The following is a copy of the references which are appended to the original map: "1. Moor Town's End;—2. Henley Lane;—3. Rother Market;—4. Henley Street;—5. Meer Pool Lane;—6. Wood Street;—7. Ely Street or Swine Street;—8. Scholar's Lane alias Tinker's Lane;—9. Bull Lane;—10. Street call'd Old Town;—11. Church Street;—12. Chapel Street;—13. High Street;—14. Market Cross;—15. Town Hall;—16. Place where died Shakespeare;—17. Chapel, Public Schools, &c.;—18. House where was Shakespeare born;—19. Back Bridge Street;—20. Fore Bridge Street;—21. Sheep Street;—22. Chapel Lane;—23. Buildings call'd Water Side;—24. Southam's Lane;—25. Dissenting Meeting;—26. White Lion."

Moor Town's End (1) is now Greenhill Street. The Town Hall (15) did not exist in Shakespeare's time, having been first erected in 1633, taken down in 1767, and rebuilt the following year. The "Place where died Shakespeare" (16) was New Place, the home of his later years. The "Dissenting Meeting" or Meeting-house (25) was built long after the poet's day. The "White Lion" (26) was also post-Shakespearian, the chief inns in the 16th century being the Swan, the Bear, and the Crown, all in Bridge Street. The Mill and Mill Bridge (built in 1590) are indicated on the river at the left-hand lower corner of the map; and the stone bridge, erected by Sir Hugh Clopton about 1500, is just outside the right-hand lower corner.

The only important change in the streets since the map was made is the removal of the row of small shops and stalls, known as Middle Row, between Fore Bridge Street (20); and Back Bridge Street (19); thus making the broad avenue now called Bridge Street.
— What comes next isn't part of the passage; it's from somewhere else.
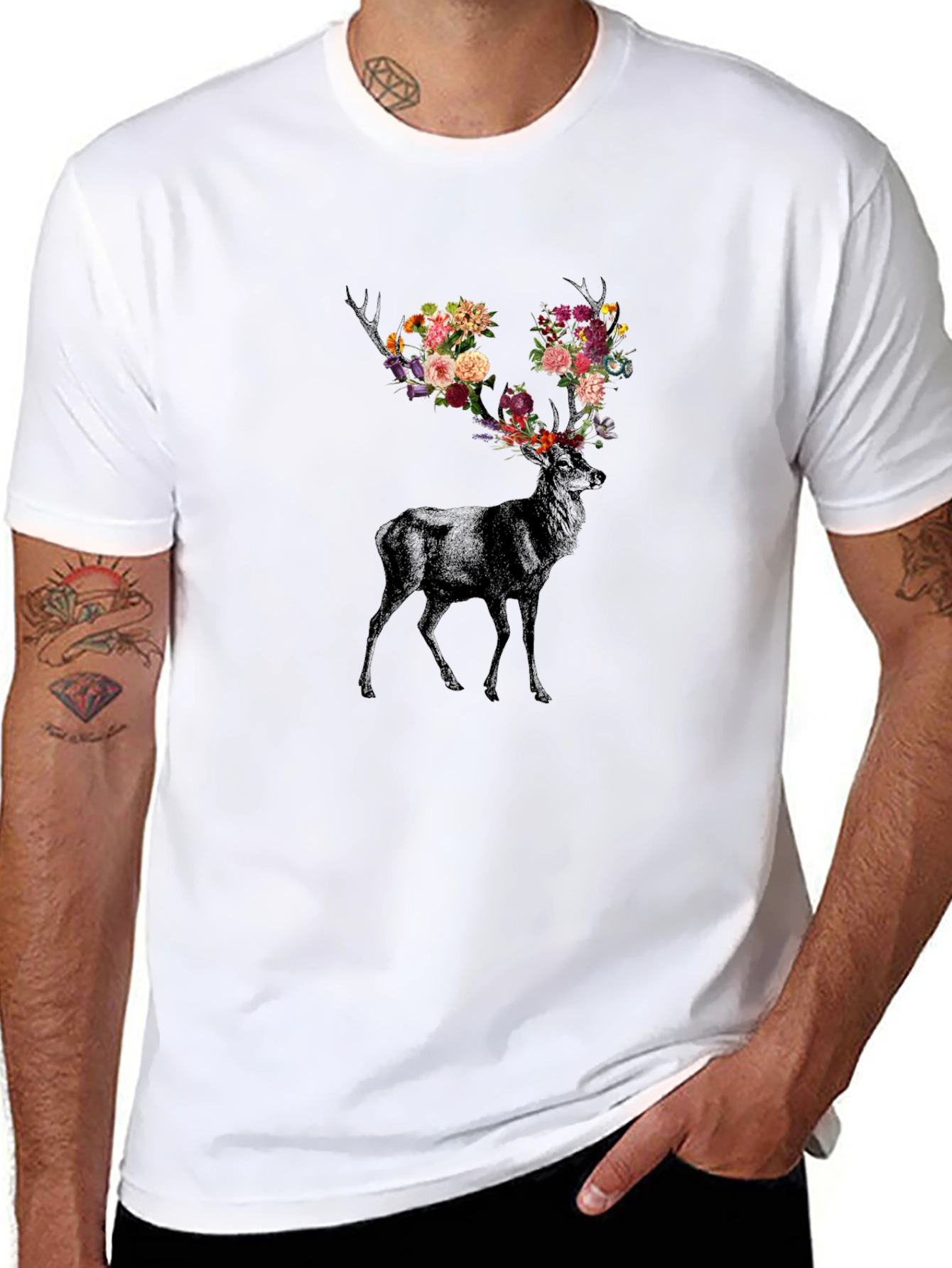 Floral Antler Deer Graphic Tee - Black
The "Market Cross" (14) was "a stone monument covered by a low tiled shed, round which were benches for the accommodation of listeners to the sermons which, as at St. Paul's Cross in London, were sometimes preached there." Later a room was added above, and a clock above that. The open space about the Cross was the chief market-place of the town. Near by was a pump, at which housewives were frequently to be seen "washing of clothes" and hanging them on the cross to dry, and butchers sometimes hung meat there; but these practices were forbidden by the town council in 1608. The stocks, pillory, and whipping-post were in the same locality.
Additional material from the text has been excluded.